Ross Ulbricht received a full and unconditional pardon from President Trump on January 21, 2025. Trump said he fulfilled a promise made at the Libertarian Party convention and acted to “honor” Ulbricht’s mother, Lyn Ulbricht, who campaigned for years against what she argued was an excessive sentence for a nonviolent offender. Supporters argued that Ulbricht’s life sentence was disproportionate compared to other non‑violent offenders; his legal team described the punishment as excessive given he didn’t directly sell drugs. Trump claimed the conviction reflected “weaponization of government” against him . His case attracted significant support from the Libertarian Party, a recognized U.S. political party advocating individual freedoms and limited government, as part of their broader push for criminal justice reform (Reuters, Reason, abc.net)
Footnote (for a deeper dive):
Mandatory 1:1 Reserves:
The Clarity for Payment Stablecoins Act (H.R. 4766) requires issuers to back every stablecoin with reserves held at a 1‑to‑1 ratio, in U.S. currency, demand deposits, or short‑term Treasuries.
Quarterly Audits & Transparency:
The Lummis‑Gillibrand Payment Stablecoin Act (S. 4155) mandates monthly public reserve reporting and third‑party certification, strengthening transparency and oversight.
Offshore Providers Must Comply:
The President’s Working Group report (2021) recommends that stablecoin issuers operate through insured, federally regulated U.S. entities—effectively requiring offshore firms to get licensed or exit the U.S. market.
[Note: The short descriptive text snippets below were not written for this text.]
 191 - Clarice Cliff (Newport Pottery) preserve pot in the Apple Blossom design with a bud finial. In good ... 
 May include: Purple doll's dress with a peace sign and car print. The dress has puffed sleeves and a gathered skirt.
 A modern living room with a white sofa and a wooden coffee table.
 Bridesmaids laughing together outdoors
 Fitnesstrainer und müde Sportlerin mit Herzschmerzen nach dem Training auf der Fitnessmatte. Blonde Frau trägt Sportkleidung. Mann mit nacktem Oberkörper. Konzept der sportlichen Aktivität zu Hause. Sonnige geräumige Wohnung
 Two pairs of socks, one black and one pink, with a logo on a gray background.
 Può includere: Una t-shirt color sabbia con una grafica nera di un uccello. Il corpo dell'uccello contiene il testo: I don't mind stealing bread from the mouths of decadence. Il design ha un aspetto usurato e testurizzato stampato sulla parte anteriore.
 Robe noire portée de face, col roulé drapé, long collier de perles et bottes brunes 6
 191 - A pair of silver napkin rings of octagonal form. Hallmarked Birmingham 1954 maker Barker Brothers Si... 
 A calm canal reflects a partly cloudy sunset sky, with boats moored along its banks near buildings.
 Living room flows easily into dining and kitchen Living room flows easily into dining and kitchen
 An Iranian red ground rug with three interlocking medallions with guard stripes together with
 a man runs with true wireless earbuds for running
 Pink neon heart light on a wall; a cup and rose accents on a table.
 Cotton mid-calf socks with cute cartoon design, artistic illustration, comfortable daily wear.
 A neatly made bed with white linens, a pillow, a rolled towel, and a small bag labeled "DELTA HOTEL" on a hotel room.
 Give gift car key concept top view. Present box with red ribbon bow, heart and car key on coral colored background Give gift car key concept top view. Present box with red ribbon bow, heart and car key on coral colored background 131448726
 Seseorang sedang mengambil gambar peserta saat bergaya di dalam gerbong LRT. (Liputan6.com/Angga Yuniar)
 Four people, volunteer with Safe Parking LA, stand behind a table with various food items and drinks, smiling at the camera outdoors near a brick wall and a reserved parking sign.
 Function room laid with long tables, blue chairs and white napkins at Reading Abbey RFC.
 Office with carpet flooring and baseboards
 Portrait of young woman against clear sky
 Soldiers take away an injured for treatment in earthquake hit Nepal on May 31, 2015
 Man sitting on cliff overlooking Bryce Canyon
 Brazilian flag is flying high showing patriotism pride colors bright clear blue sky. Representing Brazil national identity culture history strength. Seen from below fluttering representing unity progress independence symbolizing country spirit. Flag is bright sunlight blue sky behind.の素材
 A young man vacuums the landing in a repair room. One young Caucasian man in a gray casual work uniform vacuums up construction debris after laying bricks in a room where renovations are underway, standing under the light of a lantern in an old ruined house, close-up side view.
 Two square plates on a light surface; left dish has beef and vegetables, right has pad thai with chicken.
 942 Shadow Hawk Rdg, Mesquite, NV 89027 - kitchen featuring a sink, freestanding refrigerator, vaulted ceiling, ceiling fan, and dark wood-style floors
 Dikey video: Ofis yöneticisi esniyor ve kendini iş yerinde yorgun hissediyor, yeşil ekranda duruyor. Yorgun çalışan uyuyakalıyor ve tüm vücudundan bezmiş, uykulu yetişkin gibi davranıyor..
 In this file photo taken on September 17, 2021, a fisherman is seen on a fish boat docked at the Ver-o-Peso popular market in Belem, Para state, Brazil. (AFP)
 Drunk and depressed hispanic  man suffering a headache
Institutional Confidence (Market Clarity):
BlackRock CEO Larry Fink has noted that clear regulation for digital assets is essential for unlocking institutional capital deployment.
Strengthening the U.S. Dollar’s Role:
Federal Reserve Chair Jerome Powell has said a regulated stablecoin framework is critical to reinforcing the dollar’s global dominance (as reported in The Hill).
Risk Reduction & Financial Stability:
The FSOC 2023 Annual Report highlights stablecoins as emerging sources of financial risk and supports regulation to address systemic vulnerabilities.
Upcoming Broader Crypto Regulation:
The FIT21 Act passed by the House in May 2024 lays out a structure assigning SEC and CFTC jurisdiction over digital assets, signaling the next wave of regulatory clarity.